Bassam Abdul-Baki10-Sep-10 4:11

10-Sep-10 4:11

Alan Balkany wrote:
If you really want to optimize this, just step through the characters with a state machine.

Not familiar with it. However, I have an obscene amount of strings that I'm parsing and it's coded in C#.

Alan Balkany10-Sep-10 4:12

10-Sep-10 4:12

Are you always looking for these three digits, or was that just an example?

Bassam Abdul-Baki10-Sep-10 4:15

10-Sep-10 4:15

The three digits were an example, but the same digits all the time. So yes and no.

Alan Balkany10-Sep-10 4:22

10-Sep-10 4:22

A state machine uses a single int to mark where you are in your search. E.g.:

int state = 0;

foreach (char c in nextString)
    switch (state)
    {
        case (0): if (c == '6') state = 1;
            break;
        case (1): if (c == '2') state = 2;
           break;
        case (2): if (c == '4') state = 3;
           break;
    }

if (state == 3)
    return (FOUND);
else
    return (NOT_FOUND);

This is way faster than using regular expressions, which must handle much more complex cases.

Bassam Abdul-Baki10-Sep-10 4:27

Re: Regular Expressions [modified]

10-Sep-10 4:27

Groovy (not the language)! I'll try it out. Thanks!

Luc Pattyn10-Sep-10 4:34

10-Sep-10 4:34

I'm afraid the switch will turn out to be expensive, and it really is unnecessary. How about:

int len=s.Length;
int i=0;
while(i<len) {
    char c=s[i++];
    if (c=='6') {
        while(i<len) {
            c=s[i++];
            if (c=='2') {
                while(i<len) {    // FIXED
                    c=s[i++];
                    if (c=='4') return true;
                }
            }
        }
    }
}
return false;

or the more structured:

string search="624x";  // FIXED
int iSearch=0;
char cSearch=search[iSearch];
foreach(char c in s) {
    if(c==cSearch) {
        cSearch=search[++iSearch];    // FIXED
        if (cSearch=='x') return true;
    }
}
return false;

BTW: none if these fulfill the requirement, as they would accept 6424 whereas the OP wants to reject that; so the state machine needs to be a tiny bit more complex.

Smile | :)

Luc Pattyn [Forum Guidelines] [Why QA sucks] [My Articles] Nil Volentibus Arduum

Please use <PRE> tags for code snippets, they preserve indentation, and improve readability.

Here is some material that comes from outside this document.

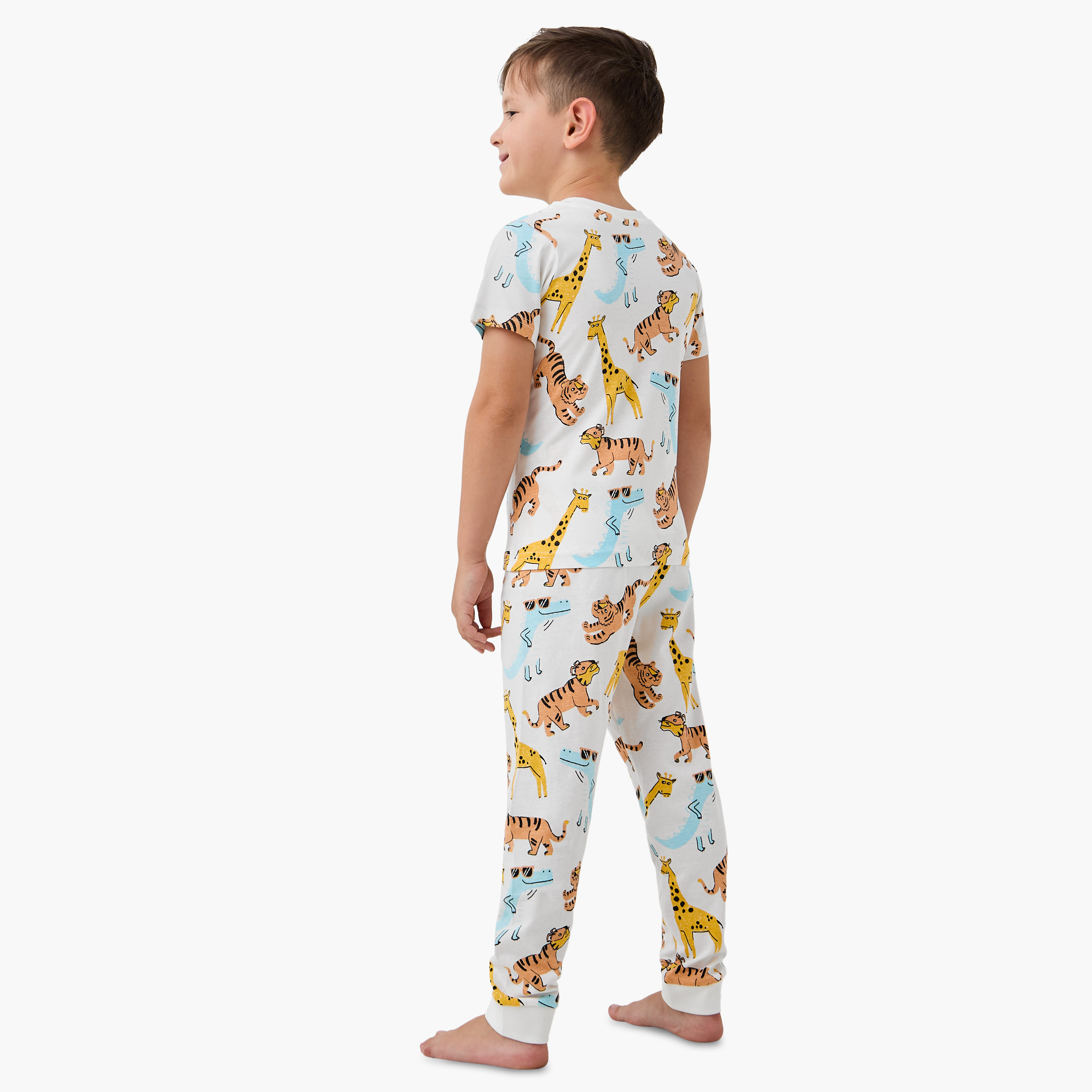 طقم بيجاما قطن بطبعات وأكمام قصيرة وياقة مستديرة  من جونيورز -  طقم من 3 قطع-baby-boys-clothing-nightwear-pyjamasets-image-4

modified on Friday, September 10, 2010 11:03 PM

Alan Balkany10-Sep-10 4:39

10-Sep-10 4:39

Yes, your first example is a more efficient implementation of the state machine, but I was trying to illustrate the concept with the most clarity.

My example also could be optimized by immediately returning when the third digit was found, but I wanted to show a pure example of a state machine.

Luc Pattyn10-Sep-10 4:56

10-Sep-10 4:56

Luc Pattyn [Forum Guidelines] [Why QA sucks] [My Articles] Nil Volentibus Arduum

Please use <PRE> tags for code snippets, they preserve indentation, and improve readability.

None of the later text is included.